■ Directions
Your answer must be only the lines below from the one containing "Chic Old Town Apartment" through the one containing "볼보 캠핑 랜턴 램프 - 새상품 ---0", copied exactly, with the pictures left out.
** Opening Records for this task block **
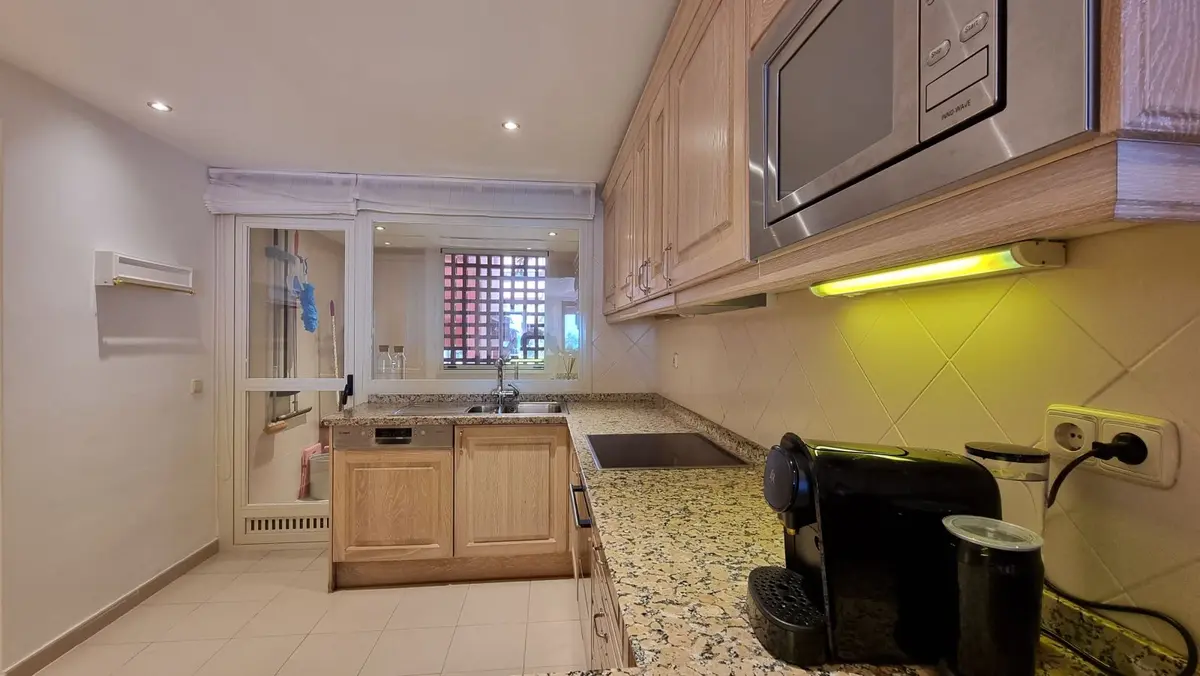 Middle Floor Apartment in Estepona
** Closing Records for this task block **
** Opening Records for this task block **
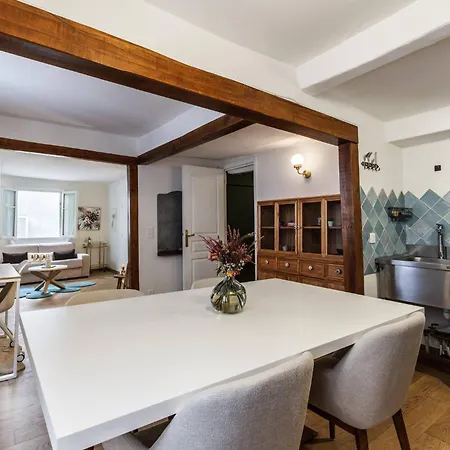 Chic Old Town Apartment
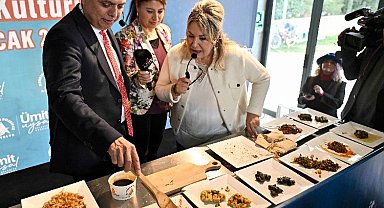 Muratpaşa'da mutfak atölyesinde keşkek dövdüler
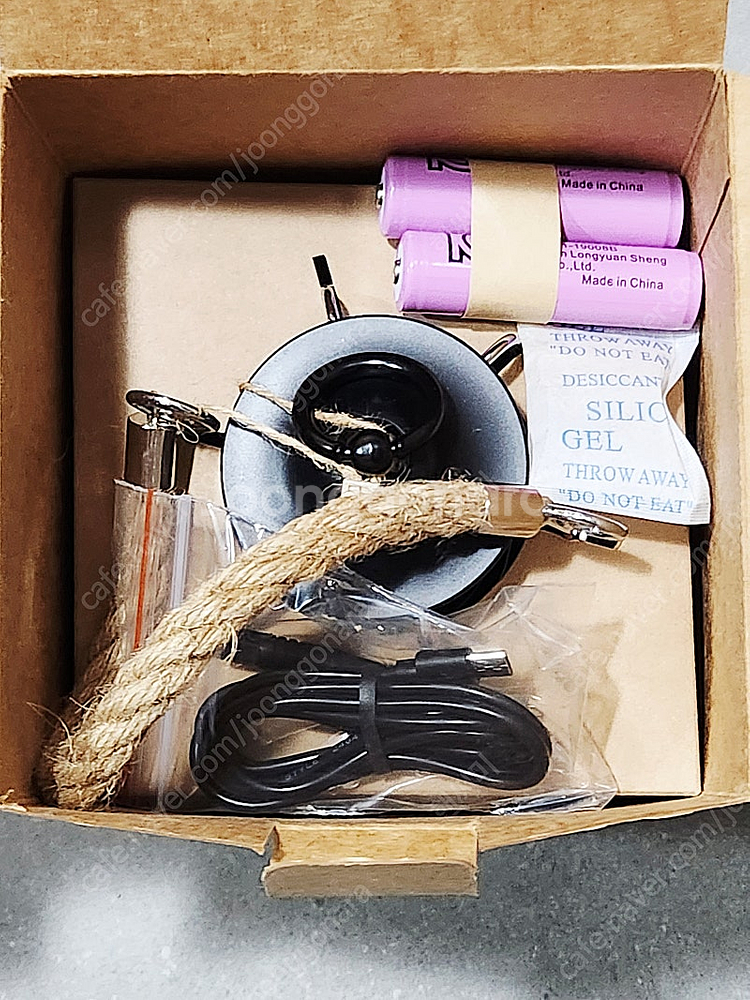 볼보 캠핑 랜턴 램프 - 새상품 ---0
** Closing Records for this task block **
** Opening Records for this task block **
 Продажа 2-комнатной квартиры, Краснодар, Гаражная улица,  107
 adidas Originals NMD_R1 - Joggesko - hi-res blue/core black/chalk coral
** Closing Records for this task block **
■ Solution to the exercise
 Chic Old Town Apartment
 Muratpaşa'da mutfak atölyesinde keşkek dövdüler
 볼보 캠핑 랜턴 램프 - 새상품 ---0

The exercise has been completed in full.